# Post removal / move?



## tufty 42 (Sep 23, 2009)

Hi, I had a post removed or moved yesterday ! Hope I didn't do something to offend ??new to the site which is an excellent source of information  thanks


----------



## tufty 42 (Sep 23, 2009)

Any chance if a moderator could explain why please !


----------



## Hoggy (May 8, 2002)

Hi Tufty, I've checked logs & I remember seeing it, "Looking for tt in n'ptn / MK", but not guilty, so don't know why it was deleted.
Hoggy.


----------



## Ikon66 (Sep 12, 2003)

What was the post requesting? What was the wording?

Dont think it was me :?


----------



## Nem (Feb 14, 2005)

It was basically a 'wanted' post which someone had moved to the marketplace section.
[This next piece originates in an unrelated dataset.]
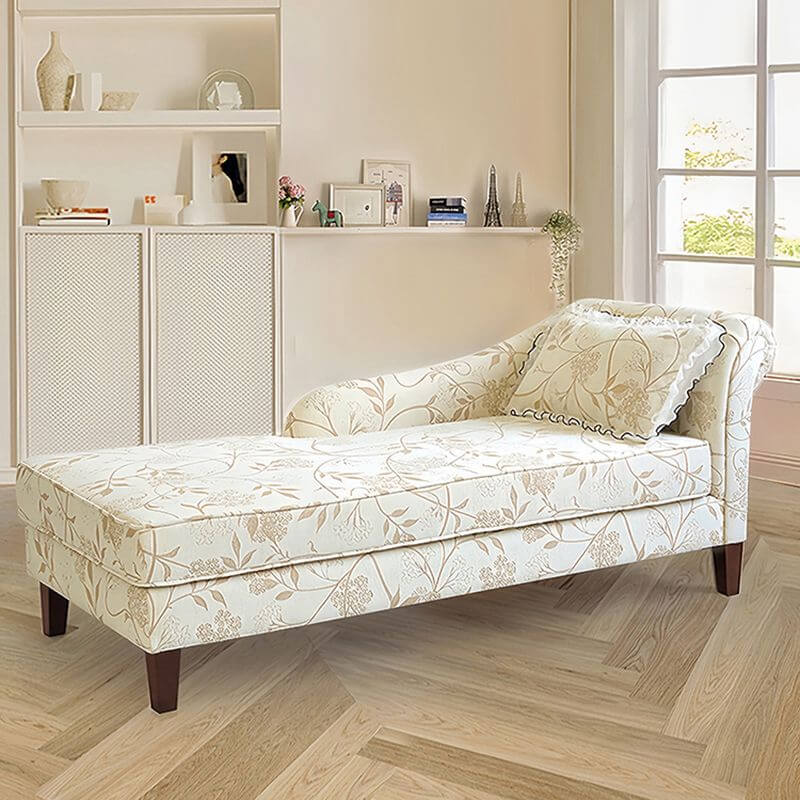 ペタルデコレーションのスレートブルー/ベージュオーバースタッフドチェイスラウンジラブシート（右アーム/左アーム付き） サブ画像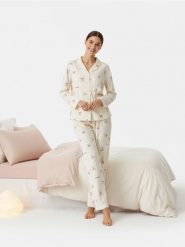 Piżama dwuczęściowa z motywem kokard - kremowy. Białe piżamy Sinsay, l, bez wzorów, bez kołnierzyka, bez ramiączek. Za 59.99 zł.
I had then deleted it as new members do not have access to the marketplace I'm afraid.


----------



## Gazzer (Jun 12, 2010)

Yawn..........can you not yet see it doesn't work nick? even our own longer standing than myself members can get ripped off by our own long standing trusted members. (brush it under the carpet as usual) rather than deal with it properly.


----------



## John-H (Jul 13, 2005)

Subject: Post removal / move?



tufty 42 said:


> Any chance if a moderator could explain why please !


Hi,

As a new member you can't see the market place or send PMs as an anti fraud and anti spam measure. All members must refrain from posting wanted or for sale posts elsewhere on the forum too. It looks like a moderator saw it was a post that should be in the market place and moved it but didn't spot that you were a new member and therefore couldn't see it and shouldn't have been able to post it there - a bit of confusion!

Have a read of this:

viewtopic.php?f=50&t=156747

The measures stop the opportunist fraudsters who go elsewhere because they want instant returns and can't be bothered contributing and joining in like genuine members. Unfortunately there is not a lot that cam be done about established members who later turn rogue - thankfully not too common. We do our best to help protect members however.

Regards,
John


----------



## tufty 42 (Sep 23, 2009)

It does seem a shame that a seriously interested person cannot see obviously loved cars from people who bother to use a forum like this !! I used to use mini forum no problem and wife went on rallies etc brilliant !! The problem I have is that you try to become involved in topics to find you cannot even talk to others via messaging if you have sensitive information to give so site becomes prohibitive which is a real shame and I'm sure detracts from a great forum !! Can another route be taken 3 strikes and your out for example ???


----------



## John-H (Jul 13, 2005)

How much money would be involved with each strike? Seriously through we are not talking a huge amount of time for an enthusiast like yourself :wink:


----------



## tufty 42 (Sep 23, 2009)

Fair point ! But it is a shame to put people off early doors !  I'll keep posting and hopefully find that TT we are looking for


----------



## Hoggy (May 8, 2002)

Hi Tufty, That's the idea, keep posting, you'll soon get access.  
Hoggy.


----------